● Provided records:
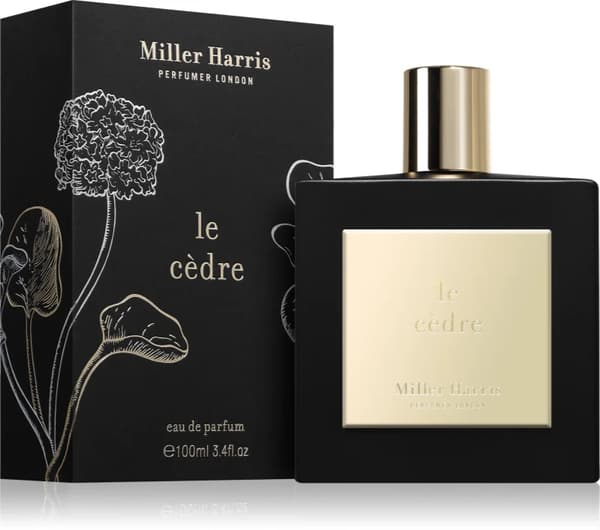 Miller Harris La Cedre unisex-Eau de Parfum 100 ml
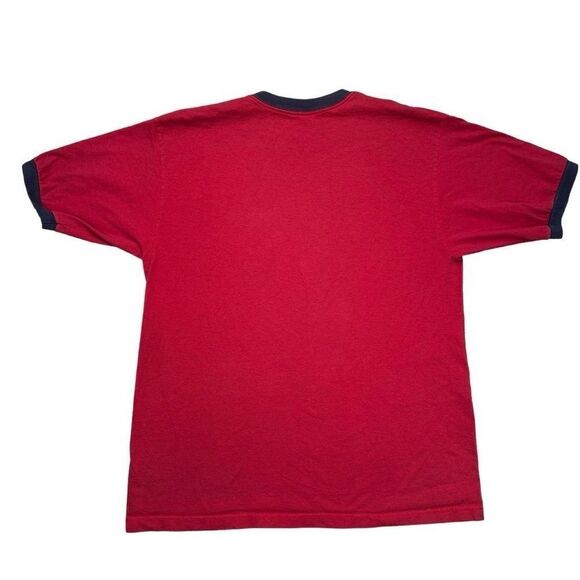 St. Louis‎ Cardinals MLB Shirt Red Men’s Size Large 2006 - Picture 2 of 9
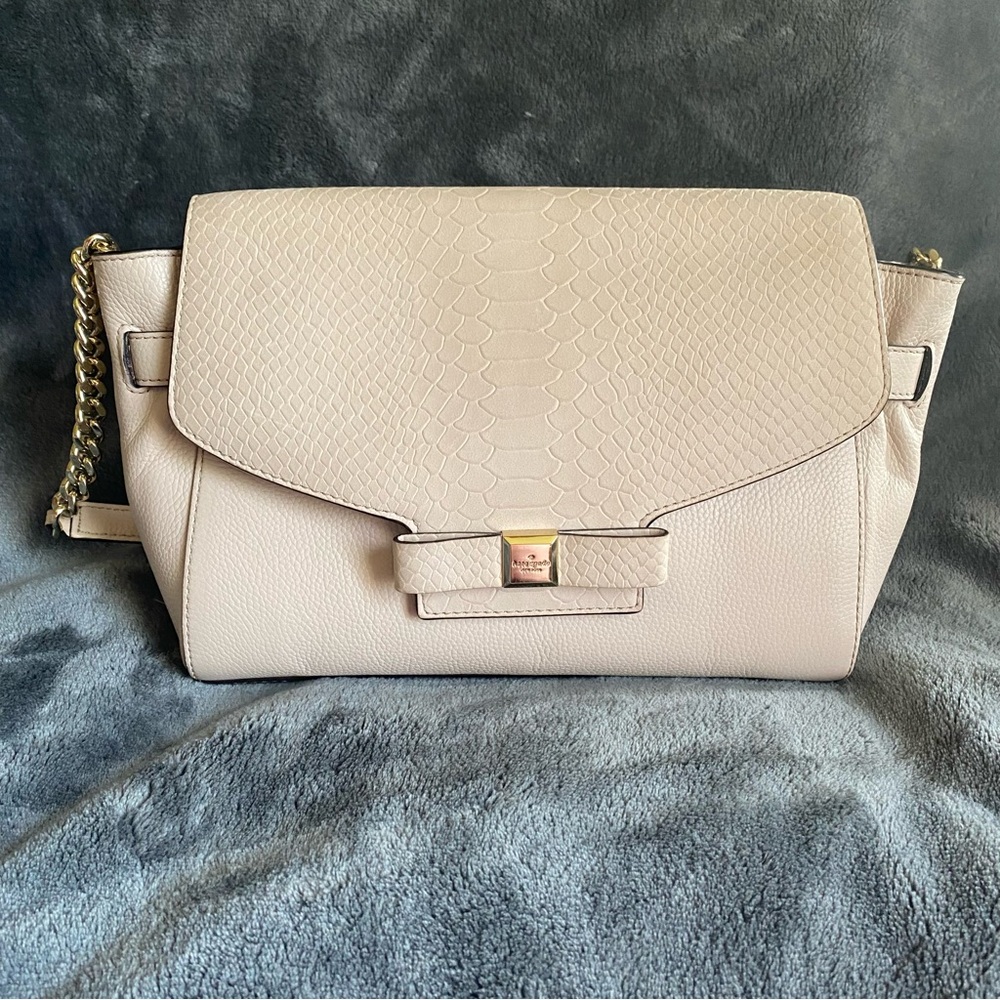 Kate Spade Montrose Place Shantel Leather Shoulder Bag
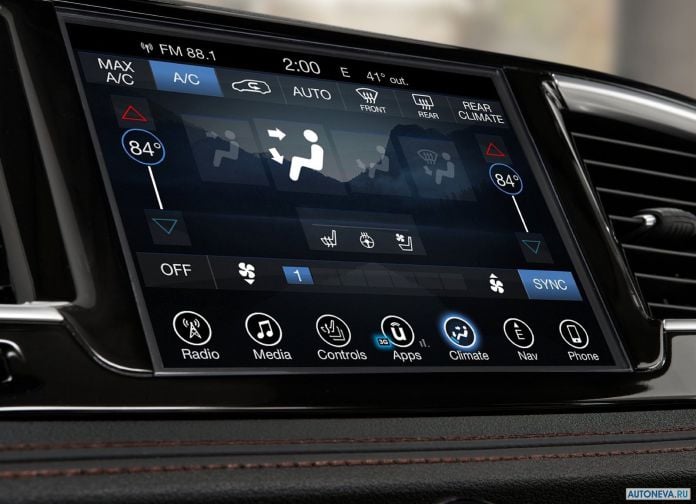 2017 Chrysler Pacifica - фотография 108 из 171 2017 Chrysler Pacifica - фотография 108 из 171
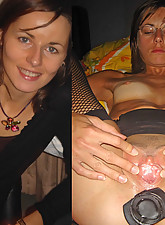 Dressed vs. Undressed photo 3 of 6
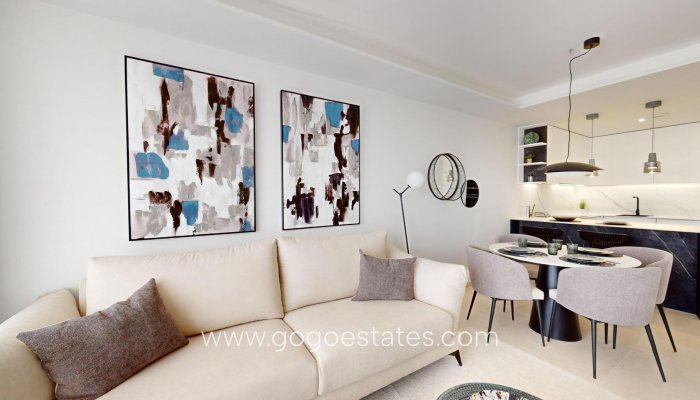 New Build - Apartment - Orihuela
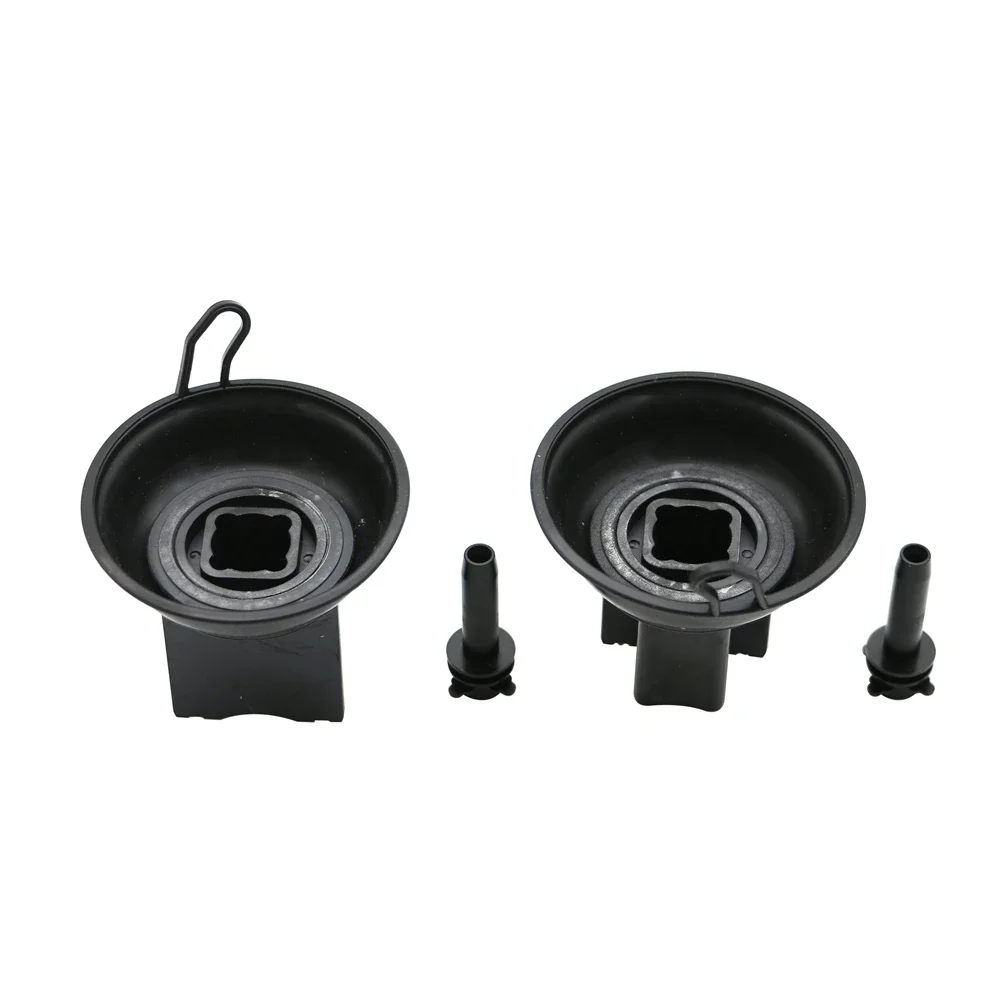 For Honda CBR400 NC23 NC29 CB400 VTEC CB400SF Motorcycle Carburetor Repair Kit Plunger Membrane Vacuum Membrane Plunger - view 3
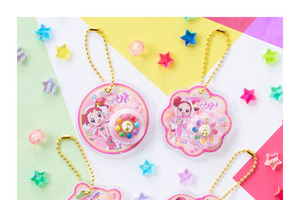 「おジャ魔女どれみ」プリティー・ウィッチー・どれみっちー！歴代タップのかわいいチャームが登場♪ 画像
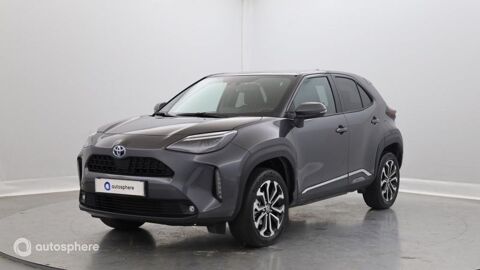 Toyota Yaris Cross 116h Design AWD-i MY21 2022 occasion Lomme 59160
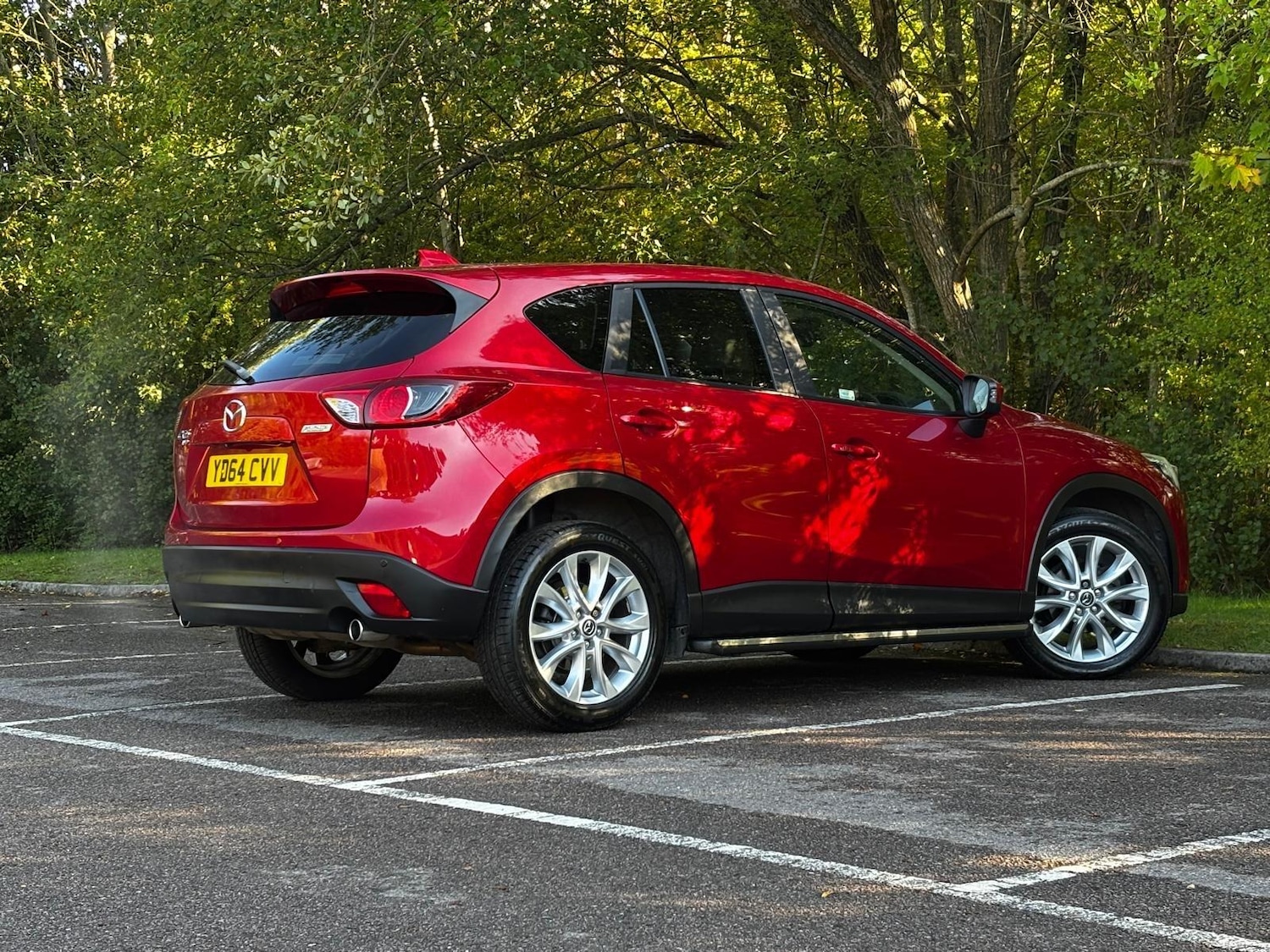 Used Mazda CX-5 2014 for sale - 76094740: Photo 59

● Problem description:
Within the entries above, give again exactly the lines starting at the one that contains "For Honda CBR400" and ending at the one that contains "Toyota Yaris Cross", leaving out the pictures.

● Exercise response:
 For Honda CBR400 NC23 NC29 CB400 VTEC CB400SF Motorcycle Carburetor Repair Kit Plunger Membrane Vacuum Membrane Plunger - view 3
 「おジャ魔女どれみ」プリティー・ウィッチー・どれみっちー！歴代タップのかわいいチャームが登場♪ 画像
 Toyota Yaris Cross 116h Design AWD-i MY21 2022 occasion Lomme 59160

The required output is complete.